Monday, April 21, 2014

Difficult religious questions part 2

I wrote in my last post of our "Tough Religious Questions" chapel.  Overall we had some good speakers address some challenging topics in a brief amount of time.  But at base, I think it is important to ask, how do we determine how to apply the Bible to our lives?  Now again, the assumption I am making here --at least for now--is that the Bible applies to our contemporary lives.  There are a variety of other assumptions I am making as well: we reliably have the original text or the closest representation, the Bible comes from God through human authors, there are normative components to scripture that are valid across time, and some other assumptions we can address elsewhere.  These assumptions are very important in how I approach the text.  I think in many respects everyone approaches the Bible from a variety of assumptions whether one is the strictest inerrantist (someone who believes the Bible is literally true word for word and contains no errors) to the atheist.  It is probably useful to every so often examine these presuppositions to identify them but also to question why it is that one holds a particular set of assumption instead of others.  Simply holding assumptions or presuppositions is not a problem, but if they are not investigated and examined every so often, we might be missing out on how we are being unknowingly influenced or how we are missing some truths that could be very important.

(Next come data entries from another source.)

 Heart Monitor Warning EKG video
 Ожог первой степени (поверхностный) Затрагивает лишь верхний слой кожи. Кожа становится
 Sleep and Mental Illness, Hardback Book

But all of this is sidetracking me from what I want to discuss--the question of applicability.  I believe the Bible is applicable today, but I think one needs to be careful in how one applies it.  First, I do not believe that everything in the Bible applies to everyone for all time.  I think a perfect example of this is 2 Timothy 4.  Paul (and here is another assumption--I believe Paul wrote 2 Timothy) writes many commands and requests specifically to Timothy that are not meant for everyone.  So, for example, I don't think it is my duty as a 21st-century Christian to get Paul's cloak and bring it to him.

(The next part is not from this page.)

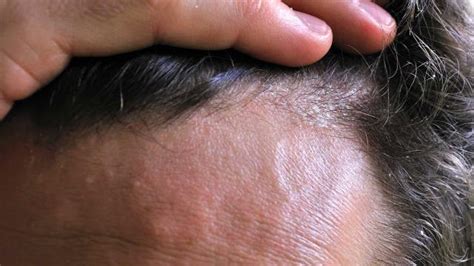 Management of Scalp Psoriasis | 1mhealthtips.com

So, how does anyone determine what is applicable and what is not?  The first part, I think, must be to take seriously that the documents of the Bible were written to specific audiences.  We must understand these documents in their original contexts first, before we can try to apply them to us today.  To focus only on today ignores how the Bible was written--none of it was written directly to anyone living today.  Certainly, I believe it was written for us, but it wasn't written to us.  So, original context is very important.  What did it mean to them?  Why was it being written?  What problems was if addressing?  How should we understand this text in light of the situation of the author and recipients?

I think many of the problems and errors we see about the Bible today among Christians are due to an ignorance (willful or otherwise) of the original context.  Revelation is a perfect example.  How different is someone's interpretation of Revelation if they first recognize that it was written to an audience in antiquity and not to an audience thousands of years in the future?  The same is related to salvation.  A variety of people will pull passages out of their contexts (Romans 10:9-10, for example), and claim that a particular passage includes everything one needs to know about salvation as if Romans was not written to people already Christian (so they didn't need to be told how to become Christian) and as if Romans 10 didn't come after several other passages in Romans that addressed other aspects of how the Romans put on Christ or were put in Christ.  But by making the text about us first, we lose something vital to understanding it.

Applying the text must start then with serious work and effort to understand the text and not take the quick and easy route to short answers.  If I really want to understand how to live a life pleasing to God, I need to take the tine to understand what was originally written before trying to understand what it means for me today.  Sure, I can take shortcuts, but if I want a faith that is authentically mine, there are some corners that cannot be cut.